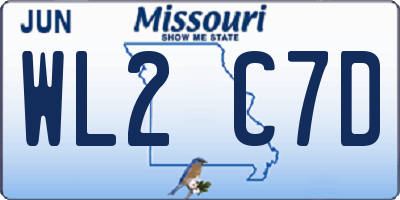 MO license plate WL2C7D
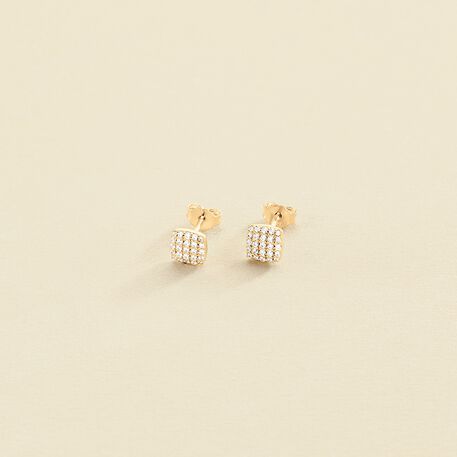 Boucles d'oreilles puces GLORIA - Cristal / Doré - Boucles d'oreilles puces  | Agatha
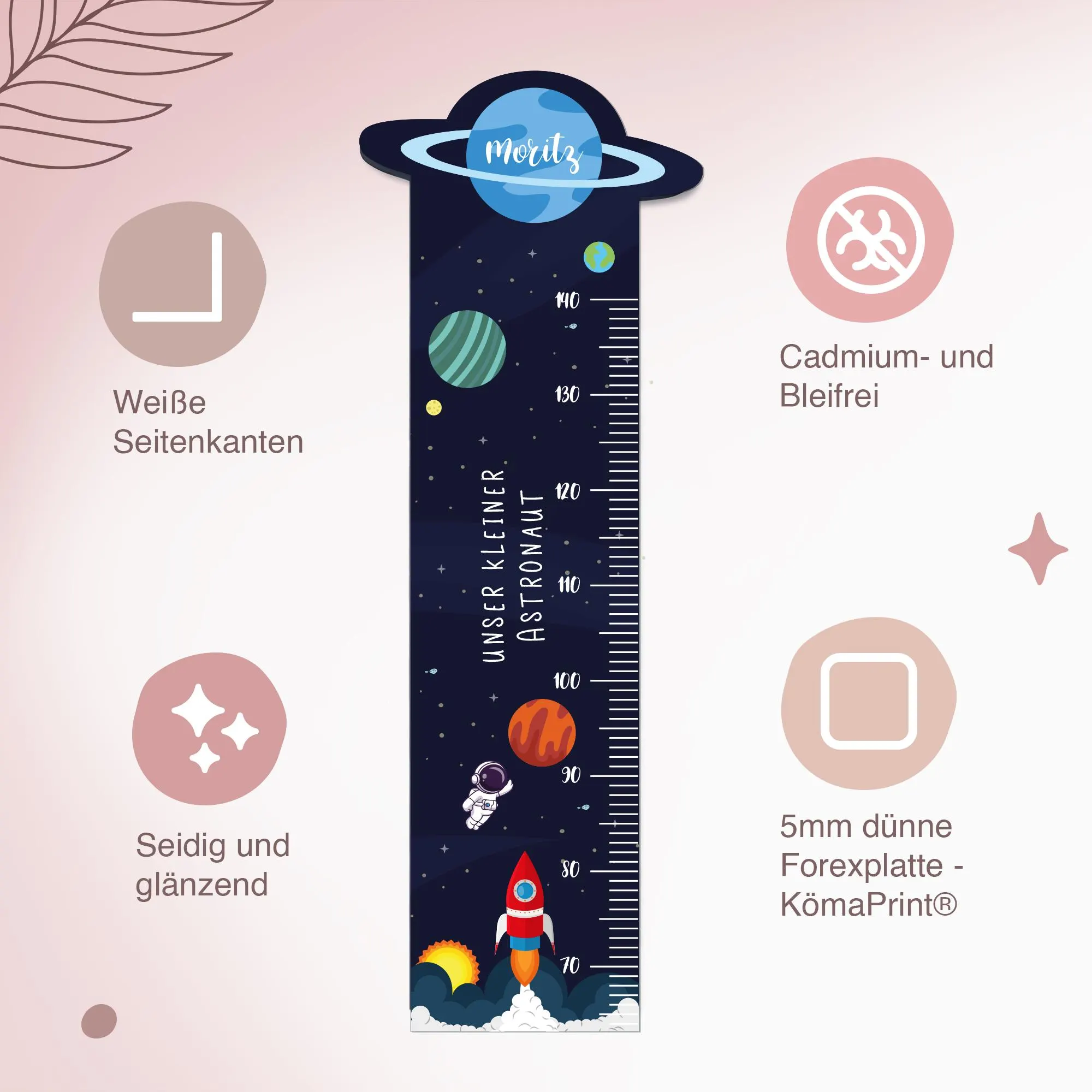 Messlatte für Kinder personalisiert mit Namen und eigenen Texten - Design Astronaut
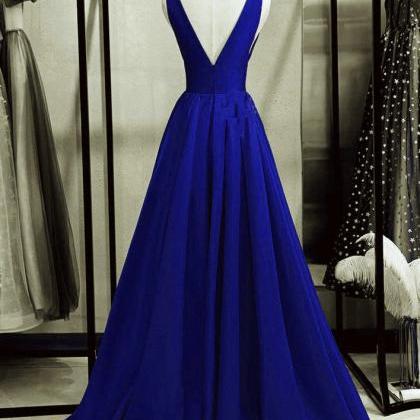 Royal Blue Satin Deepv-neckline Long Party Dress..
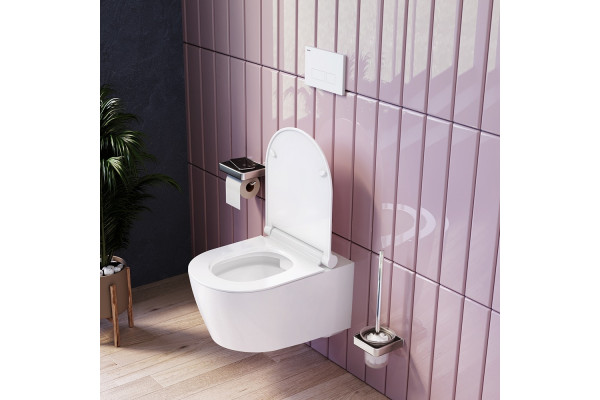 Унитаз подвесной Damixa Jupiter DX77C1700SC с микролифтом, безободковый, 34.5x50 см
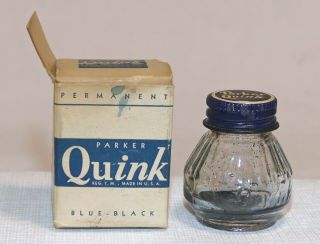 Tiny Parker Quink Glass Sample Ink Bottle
# # # # # # #
Task brief
Output nothing except the lines from the one containing "Унитаз подвесной Damixa" through the final line of the entries, repeated exactly and free of pictures.

Worked solution
 Унитаз подвесной Damixa Jupiter DX77C1700SC с микролифтом, безободковый, 34.5x50 см
 Tiny Parker Quink Glass Sample Ink Bottle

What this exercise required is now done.